Phrameworks and XHTML
by Castwide on 11-21-2007 • Tags: phrameworks, xhtml • 0 commentsThe upcoming version of the Phrameworks kernel will include an XHTML compliance mode. When this option is enabled, XHTML documents will be sent with the application/xhtml+xml mime-type to all user agents except Internet Explorer. (The implemented solution is a variation of the content-negotiation technique proposed by the W3C.) This feature presents a number of challenges, but the benefits make it worth the trouble.
Valid XHTML requires more care than HTML. Browsers that understand the application/xhtml+xml mime-type parse the document with a strict XML parser. They will not attempt to render invalid documents, as browsers traditionally do with HTML. Firefox, for example, will simply display an error. A single illegal character can break the whole page.
Problems with XHTML documents are not always obvious, either. When the document is sent with the text/html mime-type, browsers treat it as HTML tag soup and ignore errors, even if the document uses an XHTML doctype. Many web pages written in XHTML would break if they were sent as application/xhtml+xml.
Much to my satisfaction, however, most of the errors I encountered were easy to fix. Ampersands in URLs were definitely the most common problem. A slightly less frequent one was embedded JavaScript.
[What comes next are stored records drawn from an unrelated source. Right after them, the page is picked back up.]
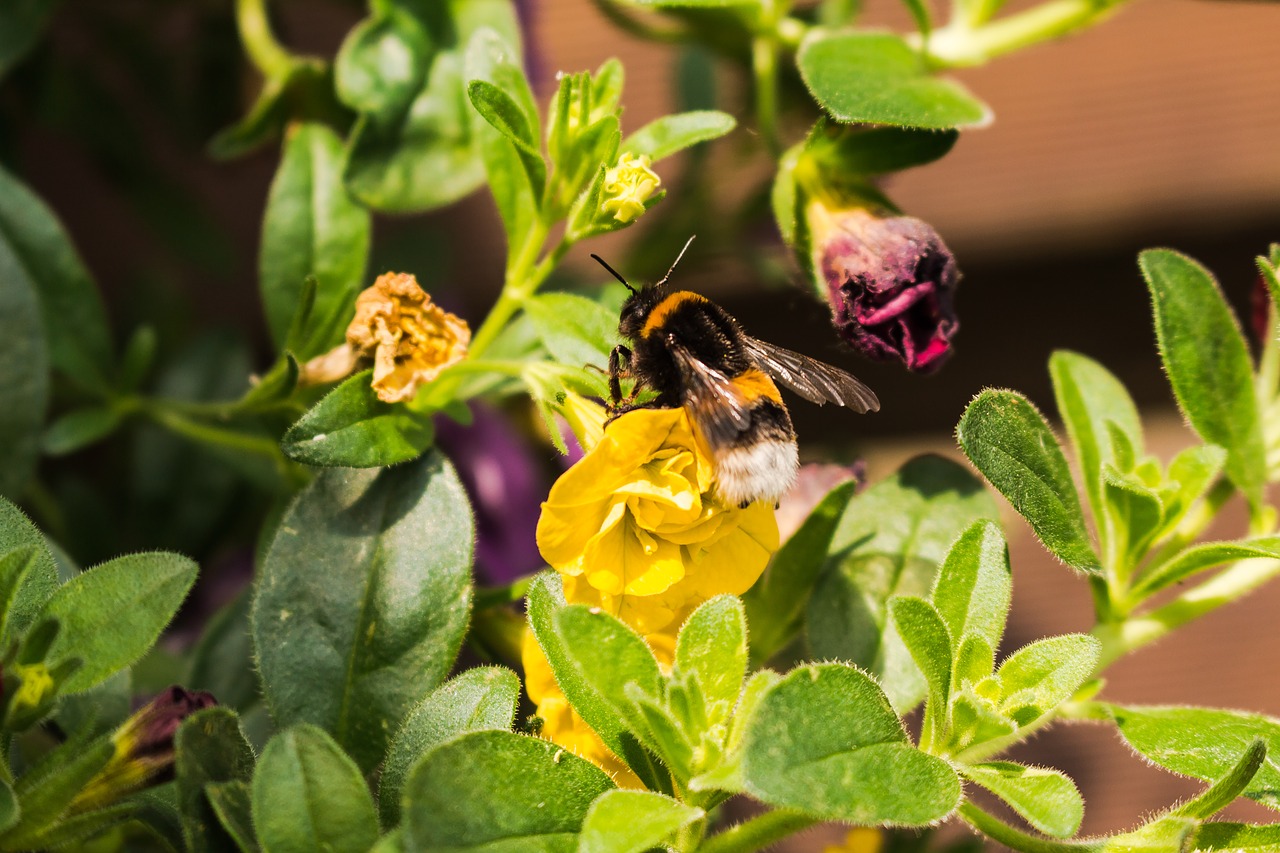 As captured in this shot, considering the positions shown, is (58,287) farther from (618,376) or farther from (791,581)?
(791,581)

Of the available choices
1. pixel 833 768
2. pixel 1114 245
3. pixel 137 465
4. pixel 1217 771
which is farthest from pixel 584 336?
pixel 1114 245

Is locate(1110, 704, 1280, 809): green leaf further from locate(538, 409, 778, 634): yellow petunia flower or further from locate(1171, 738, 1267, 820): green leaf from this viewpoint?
locate(538, 409, 778, 634): yellow petunia flower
There are several changes to the Phrameworks parser—an extended version of the PHP Pagemill—that were necessary for valid output. One change was in the Pagemill itself. The newest version allows prefixes that tell the template parser whether the data needs to be encoded or decoded for HTML entities. The biggest changes, however, were in the Phrameworks kernel code.
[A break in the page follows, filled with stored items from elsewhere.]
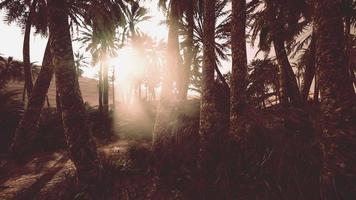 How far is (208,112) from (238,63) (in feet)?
5.78

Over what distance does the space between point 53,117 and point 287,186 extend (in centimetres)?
1224

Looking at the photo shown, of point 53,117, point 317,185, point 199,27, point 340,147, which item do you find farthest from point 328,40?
point 53,117

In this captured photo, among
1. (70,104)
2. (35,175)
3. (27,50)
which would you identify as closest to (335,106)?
(70,104)

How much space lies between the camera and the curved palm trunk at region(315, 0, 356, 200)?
277cm

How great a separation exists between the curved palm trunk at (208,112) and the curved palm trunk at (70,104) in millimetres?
2669

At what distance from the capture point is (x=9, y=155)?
8.36 metres

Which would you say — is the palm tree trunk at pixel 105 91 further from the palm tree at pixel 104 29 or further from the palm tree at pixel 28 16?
the palm tree at pixel 28 16

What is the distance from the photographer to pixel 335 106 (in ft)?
9.71

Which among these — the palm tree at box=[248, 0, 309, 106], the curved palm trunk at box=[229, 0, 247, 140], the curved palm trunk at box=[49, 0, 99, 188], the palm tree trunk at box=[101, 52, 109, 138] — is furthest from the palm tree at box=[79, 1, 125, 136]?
the palm tree at box=[248, 0, 309, 106]

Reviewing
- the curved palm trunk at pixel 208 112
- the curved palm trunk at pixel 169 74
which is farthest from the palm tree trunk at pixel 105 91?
the curved palm trunk at pixel 208 112

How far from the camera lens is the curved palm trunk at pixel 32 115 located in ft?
27.8

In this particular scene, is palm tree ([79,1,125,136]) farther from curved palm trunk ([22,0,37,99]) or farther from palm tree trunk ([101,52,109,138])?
curved palm trunk ([22,0,37,99])

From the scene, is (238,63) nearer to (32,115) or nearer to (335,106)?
(335,106)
- When a page has the XHTML doctype and Phrameworks is in XHTML compliance mode, everything in script and style elements is automatically wrapped as CDATA.
- Every piece of data that gets passed into the Pagemill gets encoded for HTML entities.
The latter change is the one that will require the most adjustment. The template parser will no longer inject raw HTML into templates by default. Additional code is required to allow markup in content; but automatic encoding also makes applications easier to secure, and it is easier to ensure that the resulting document will be valid XHTML.
In an upcoming article, I'll discuss input scrubbing and the benefits of the new design in more detail.